John Joyce wrote:
If it returned nil, then you'd get exceptions and it would be
pointless to have nil respond to to_i
You got it wrong. I'm not asking for #to_i returning nil.
NilClass#to_i shouldn't be there in the first place.
Sure, nil.to_i returning nil could also make sense in a way,
Wrong. See above.
Jeremy McAnally wrote:
I expect to get a converted object or some *Error (TypeError maybe?)
back from any to_* method. Giving me the same object back or nil
doesn't make any sense...
You got it wrong too (am I that confusing? :).

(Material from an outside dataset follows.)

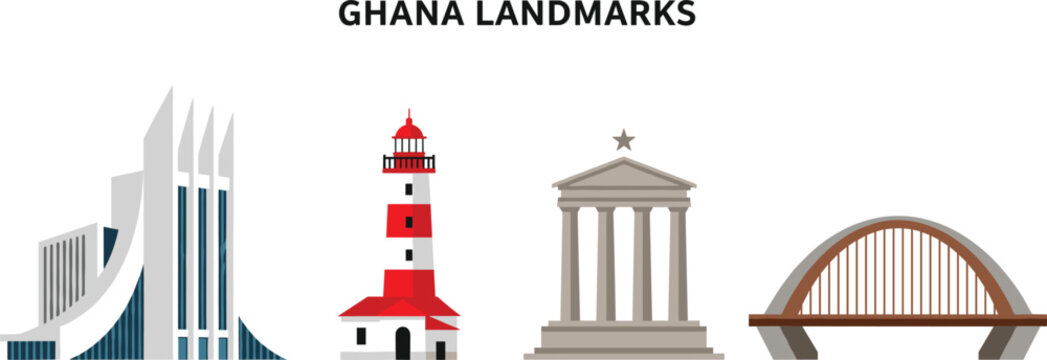 Set of famous architectural Ghana landmarks including Independence Arch, Kwame Nkrumah Memorial Park, Jamestown Lighthouse, and Adomi Bridge isolated on white background.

As others have noted, I think the current behavior makes sense: I have
nil (whatever...money, cats, etc.) I'd think an integer representation
would be 0.
nil has other uses besides representing nothing: it means false in a
boolean context.
If nil
Under that logic then zero must evaluate to false, just like C and Python does.
I don't agree with that, of course.
Chand Perrin wrote:
What would you expect it to return, and why would you think that should
be the expected behavior?
I'd expect the same behavior as FalseClass and TrueClass: undefined method.

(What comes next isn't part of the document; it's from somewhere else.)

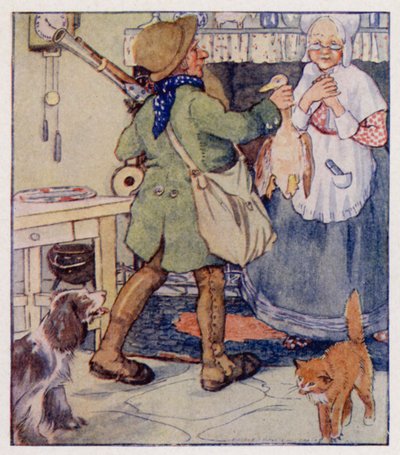 Nursery rim: There Was A Little Man (färg litho) av Anne (after) Anderson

Because if I want 0 would expect or send 0, not nil.to_i.
Because it doesn't make sense to me that nil, which means false also,
can be represented as zero, when zero doesn't mean false, but true.
Trans wrote:
If it were not for
that convenience we'd have a bunch of these all over the place:
(x ? x.to_i : 0)
Is that so common? Maybe I haven't written that many scripts, but I can't
remember right now somewhere where I needed that. Ok, maybe parsing parameters.

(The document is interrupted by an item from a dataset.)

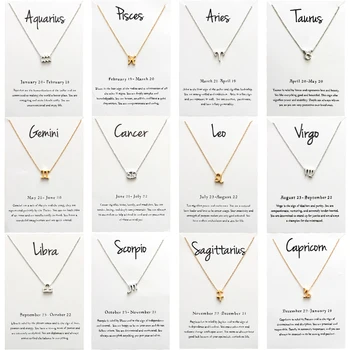 12 Constellation Pendant Necklace For Women Zodiac Sign Kolye Necklace Leo Libra Aries Wish Card Fashion Jewelry Birthday Gifts
12 Constellation Pendant Necklace For Women Zodiac Sign Kolye Necklace Leo Libra Aries Wish Card Fashion Jewelry Birthday Gifts
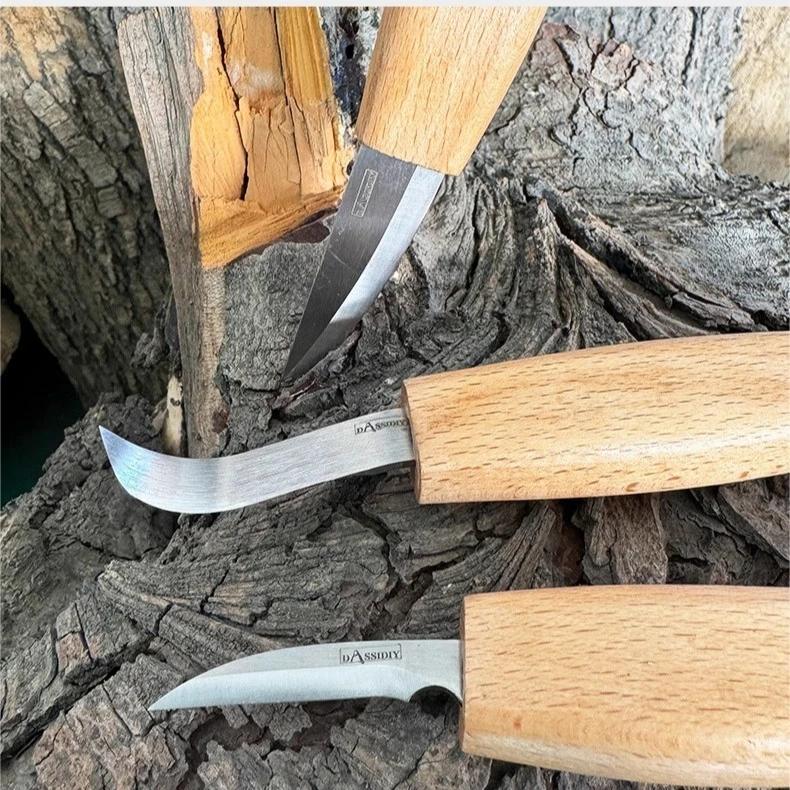 Handmade Woodcarving Knife Set Easy Engravable Wooden Chrome Vanadium Steel Blade Beech Handle Carving Knife Woodworking Tools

NilClass#to_s actually makes some sense in a context where you want to
serialize objects; "" means exactly nothing (in that context!)
Trans wrote:
def any_method(want_an_integer=nil)
@want_an_integer = want_an_integer.to_i
@want_an_integer + 1 # ... whatever ...
end
It is generally better to use nil for default parameters b/c it
reduces the potential for errors and increases the flexability of the
design. The same is true of using "to_i". If you did it otherwise:
def any_method(want_an_integer=0)
@want_an_integer = want_an_integer
@want_an_integer + 1
end
Errors would occur on calling:
any_method(nil)
and
any_method("0")
And to compensate one would have to put the flexability into the call:
any_method((some_var || 0).to_i)
Which IMO, is much less desirable.
Maybe it's a matter of taste, but I validate parameters before calling methods,
not inside methods. If you feed unexpected parameters to a method, well, you
should get an exception. Right?
mortee wrote:
Well, if you'd like it so much, why not just redefine it in your own
programs? Everyone else seems to expect it to return 0 instead of being
hostile by throwing an exception...
Oh, c'mon ...
Chad Perrin wrote:
How about any circumstance in which one performs some kind of counting
function in code, and operates on the number of whatever is counted,
where no specific value is yet applied to the variable in question until
the first item is counted?
I don't think I understood you. Correct me plese, but I think you're talking
about an accumulator? In that case, you should start from zero, not nil.